Rheinische Post Duesseldorf Meerbusch
Ein Duo mit Zukunft
Gegen den Hamburger SV und beim VfL Osnabrück haben Jamil Siebert und Tim Oberdorf in Fortunas Abwehrzentrum erstklassige Arbeit geleistet. Möglicherweise sind die beiden Innenverteidiger eine Lösung mit großer Perspektive.

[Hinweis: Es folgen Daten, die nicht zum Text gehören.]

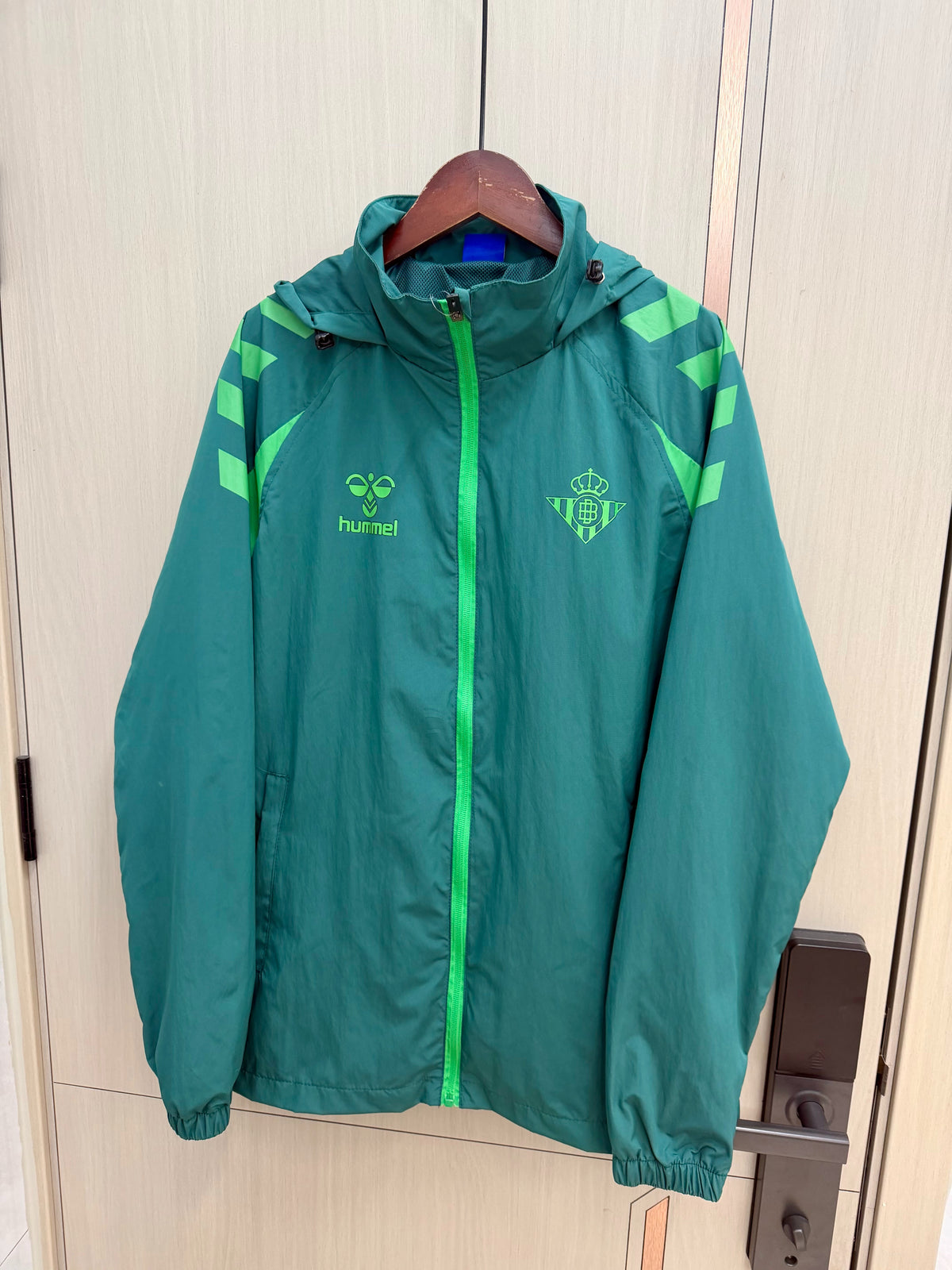 Chaqueta cortavientos verde Betis con capucha (tallas S-XXL)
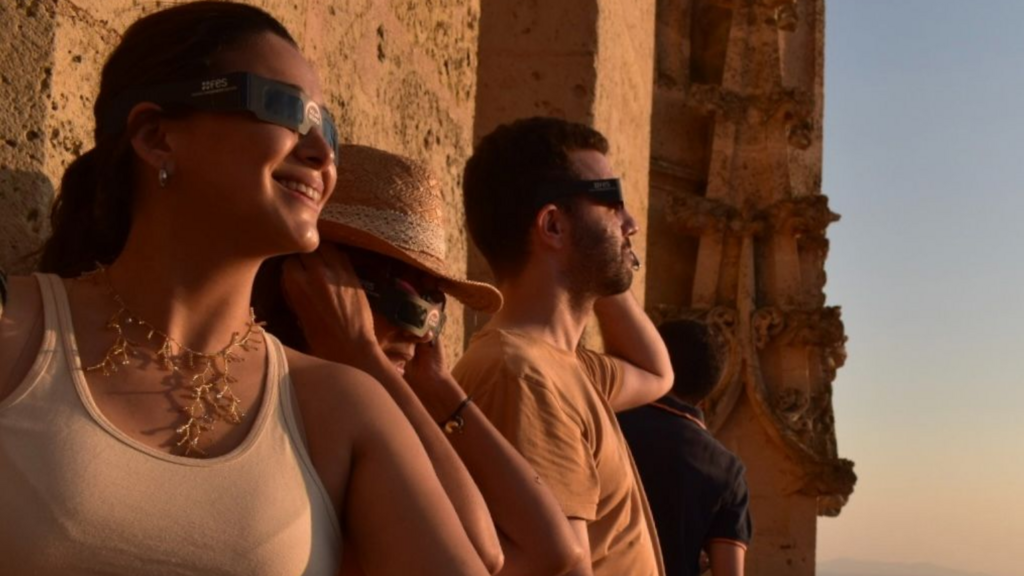 Tam Güneş Tutulması Segovia'yı 59 Saniye Karanlığa Gömdü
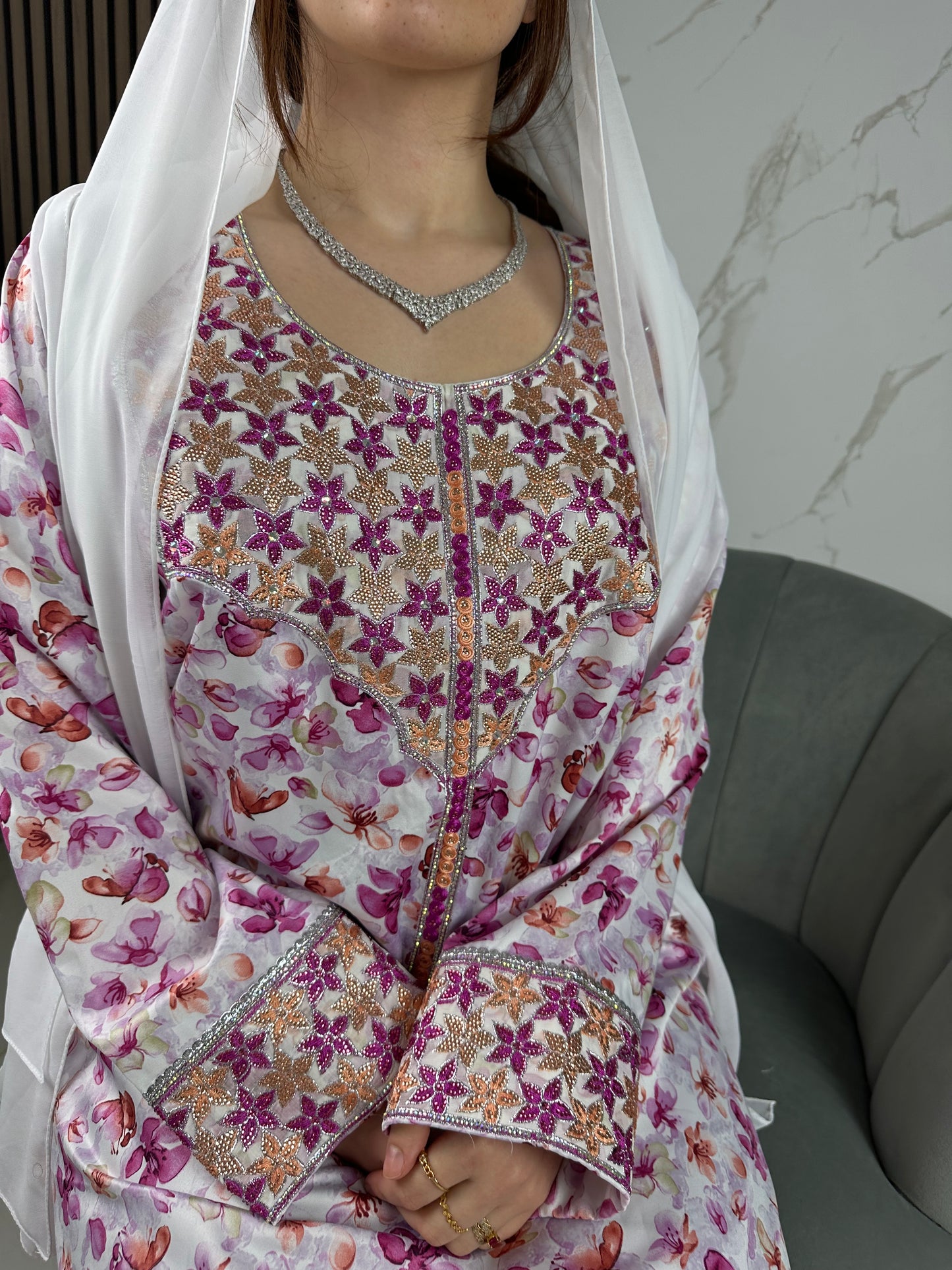 Indonesian silk mkhawar with matching Shiela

Die Gegensätze könnten kaum größer sein, das gibt Fortuna-Trainer Daniel Thioune gerne zu. Im Angriff tobt momentan der Konkurrenzkampf zwischen Vincent Vermeij, Christoph Daferner und Marlon Mustapha – jeder aus diesem Trio hat seit Rückrundenbeginn mindestens einmal in der Startelf des Zweitligisten gestanden. „Da kann ich wenig falsch machen, egal, wen ich aufstelle“, sagt der Coach, um direkt im Anschluss die Kehrseite der Medaille zu skizzieren: „Und hinten spielt im Moment der, der gerade gesund ist.“
Dieses entscheidende Kriterium haben zuletzt zumindest im Abwehrzentrum nur Tim Oberdorf und Jamil Siebert erfüllt – vom Status einer Notbesetzung ist jenes Duo aber mindestens so weit entfernt wie die Erde von der Sonne. In verletzungsbedingter Abwesenheit der allesamt an einem Muskelfaserriss in der Wade laborierenden Joshua Quarshie, Jordy de Wijs und Andre Hoffmann, auch wenn zumindest der Kapitän beim 4:0 in Osnabrück schon wieder im Kader stand, gelang Oberdorf und Siebert sowohl gegen den Hamburger SV (2:0) als auch beim Tabellenschlusslicht aus Niedersachsen eine nahezu fehlerfreie Leistung.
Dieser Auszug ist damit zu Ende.